判例は裁判所のホームページで、しかし……
行政書士試験は判例がよく出題されるようになりました。ただ、判例を勉強する代表的教材である判例百選であっても、判決文の全部は掲載されていないのが普通です。「判例は原文にあたれ」というのが、法学部でも法科大学院でも異口同音に言われる法律教育の基本です。判決の原文はどうやって見ることができるかですが、著名な判例は、裁判所のホームページの判例検索で読むことができます。
行政書士試験に出題される判例は、ほとんどが最高裁判例であり、しかも特に著名な判例が多いのが特徴です。ですから、読もうと思えば判決の全文を読むことができます。

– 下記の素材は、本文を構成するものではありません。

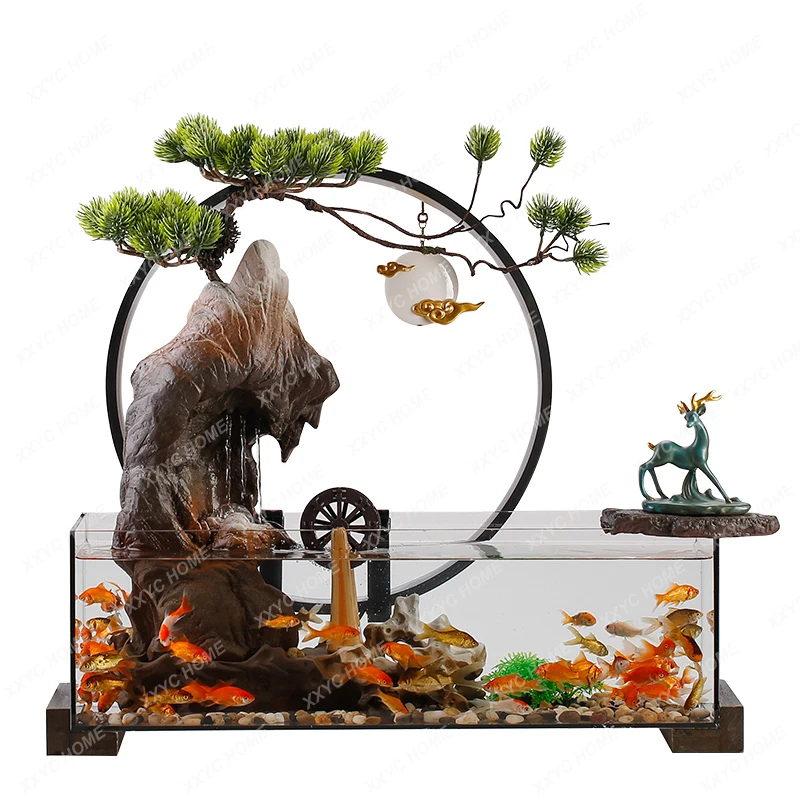 Glass Fish Globe Living Room Desktop Chinese Rockery Landscape Fountain Loop Aquarium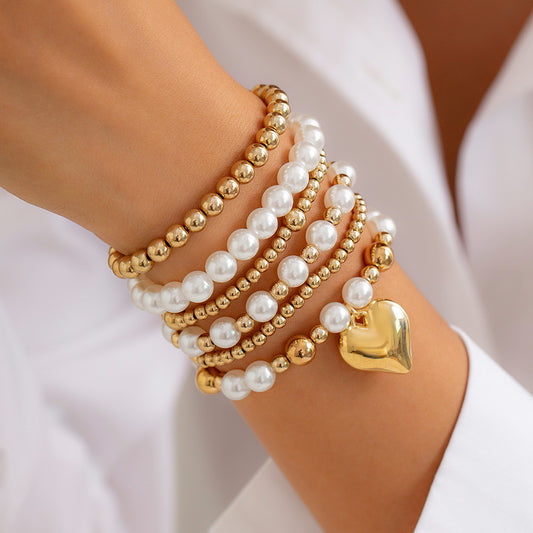 Fashion Pearl Heart Bracelet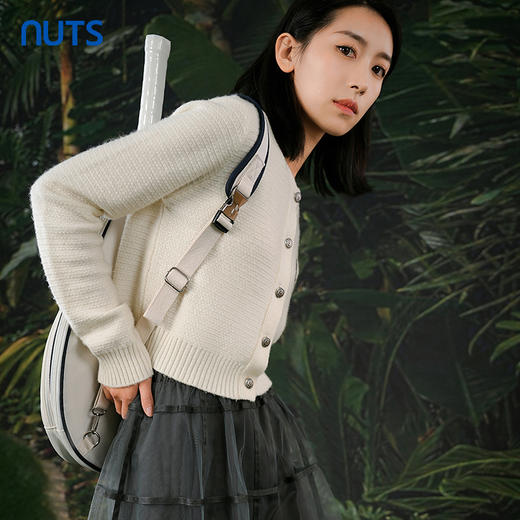 NUTS商场同款春秋季学院风气质直筒短款针织衫开衫外套女412052078 商品图3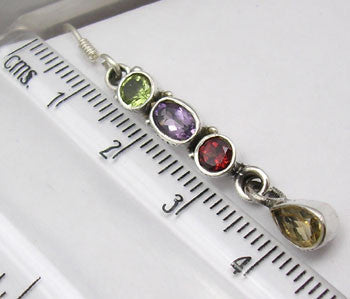 Cercei Argint 925 cu Peridot, Ametist, Garnet & Citrin , 4.7 cm lungime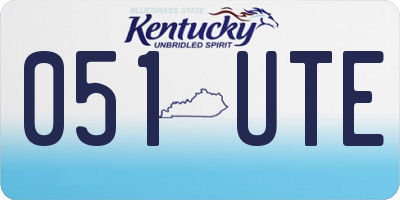KY license plate 051UTE
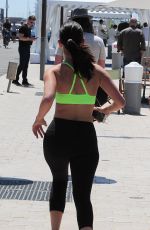 JESSICA LOWNDES in Tank Top and Leggings Jogging in Cannes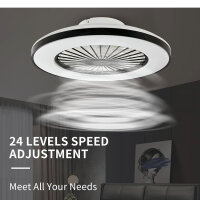 BKZO Moderne LED Deckenleuchte mit Ventilator, Deckenventilator mit Lampe, 24 Lüftungsgeschwindigkeiten, stufenlos dimmbares Licht für Wohnzimmer, Schlafzimmer, Büro, 3000-5500 K, (schwarzer Rahmen 50CM)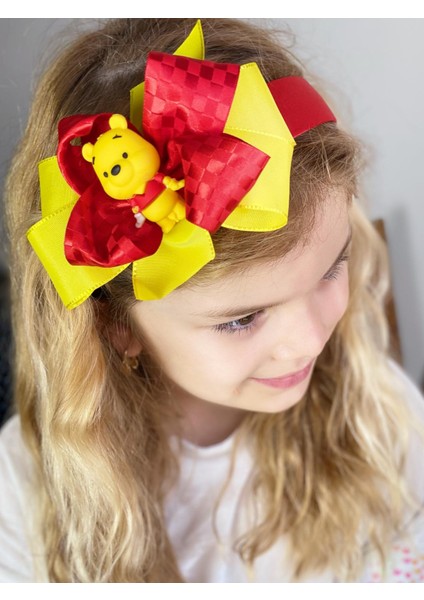 Özel Lüks Tasarım Disney Winnie The Pooh Ayıcık Fiyonklu Kırmızı Sarı Saten Taç Çocuk Tacı
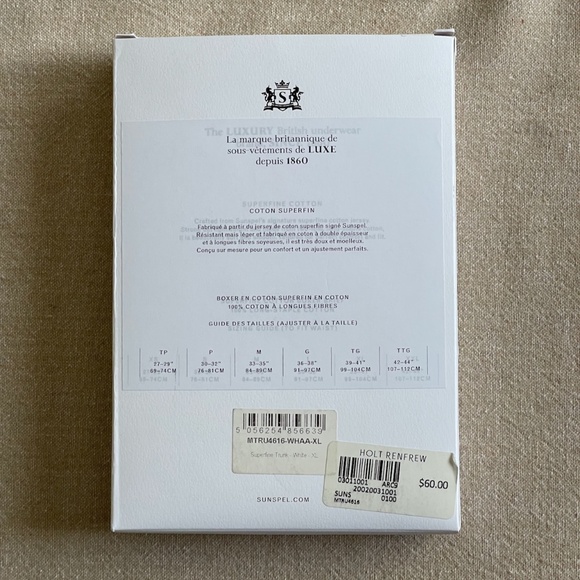 New in box SUNSPEL men boxer underwear white super cotton size XL - Picture 2 of 3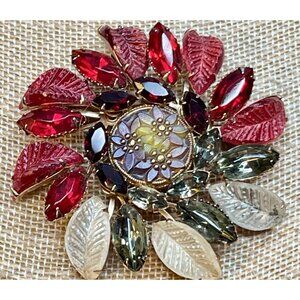 Vintage Judy Lee Maroon Rhinestone Floral Brooch
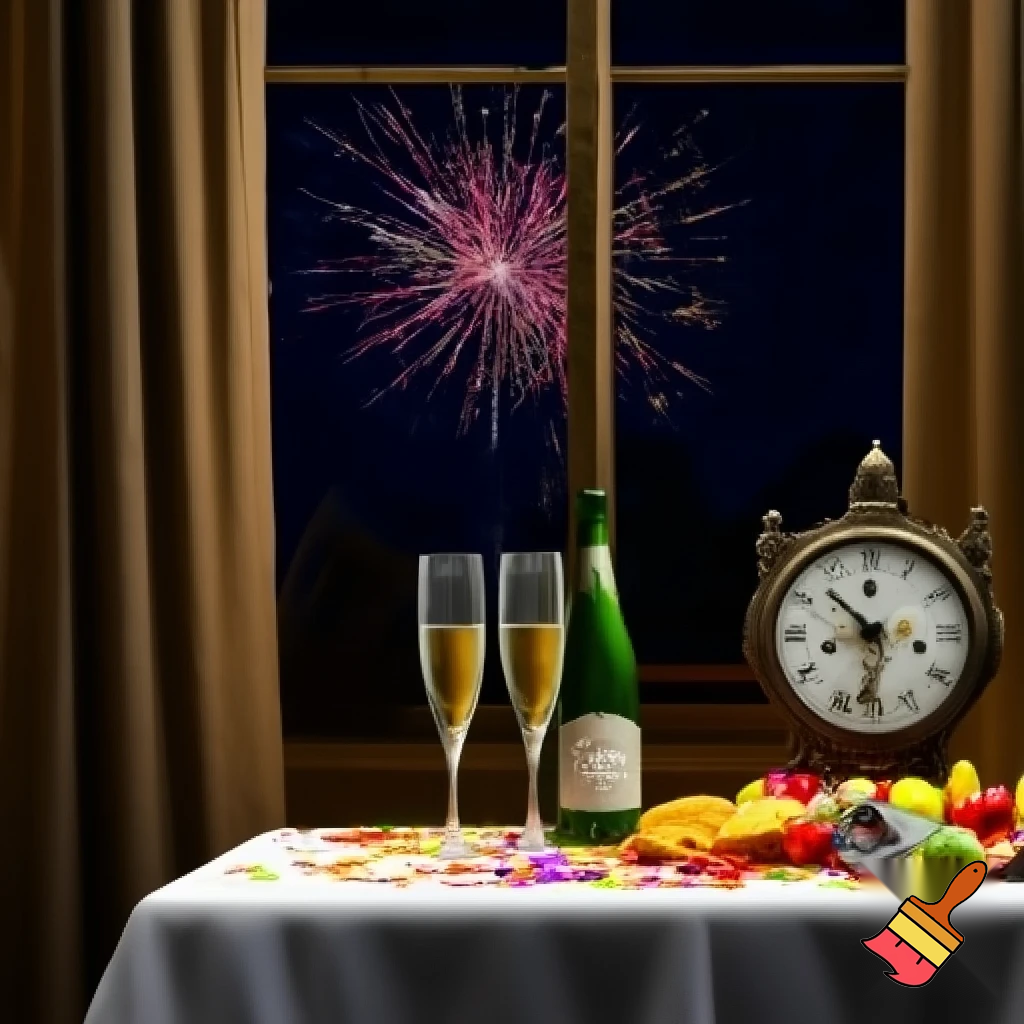 on the table a white tablecloth, two glasses of champagne, a bottle, hanging colorful paper streamers, confetti, snacks and fruit, next to it there is an old clock with numbers on the clock face, midnight hour, in the background there is a window with curtain and fireworks outside the window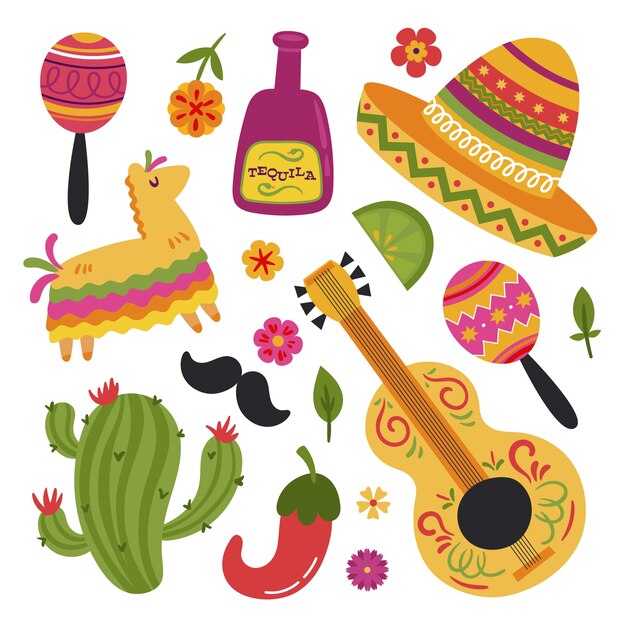 Sammlung flacher Designelemente für Cinco de Mayo-Feier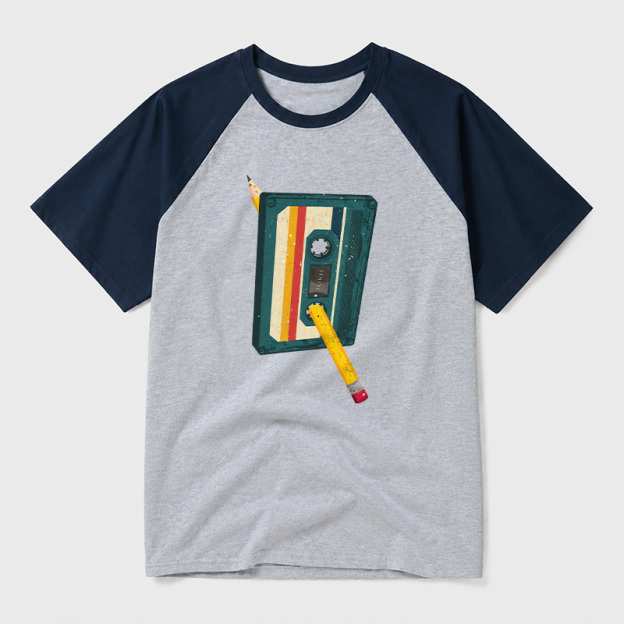 Retro Cassette Geek Retro Raglan T-Shirt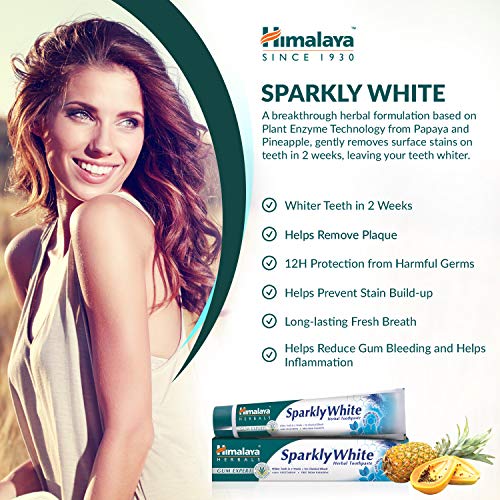 Himalaya Herbals Sparkly White Toothpaste for whitening teeth with advanced plague removal|Anti-inflammatory 12-Hour Germ Protection| 100% Vegetarian- 75ml (Pack of 3)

ただ、現在の試験のレベルを考えると、判決文の原文にあたる必要はないと思います。理由は、主に判例の結論だけを問う出題方法だからです。なお、判決文の空欄を補充するような出題、判例評釈のような出題もあります。これらの問題は判決文が重視されるような印象をうけますが、国語の問題と考えて文章の前後関係などから答えを導き出すことは可能です。
このように考えると、法学教育において判決文の原文にあたることは大切ですが、効率を考えると行政書士試験のレベルにおいては不要だと思います。よって、ネットで判例情報を集める必要はないと思います。
条文は「ページ内検索」で整理、ゴロ合わせ収集はほどほどに
条文はテキストや六法に掲載されています。改めて、条文をネット上で検索する必要はあるのでしょうか。私は「ページ内検索」(Firefoxの場合)は意味があると思います。条文で「ページ内検索」を使うと簡単に条文整理ができます。例えば、行政手続法において、条文が法的義務か努力義務かを問う問題は繰り返し出題されています。これに対処するには行政手続法の努力義務の条文をピックアップして覚えないといけません。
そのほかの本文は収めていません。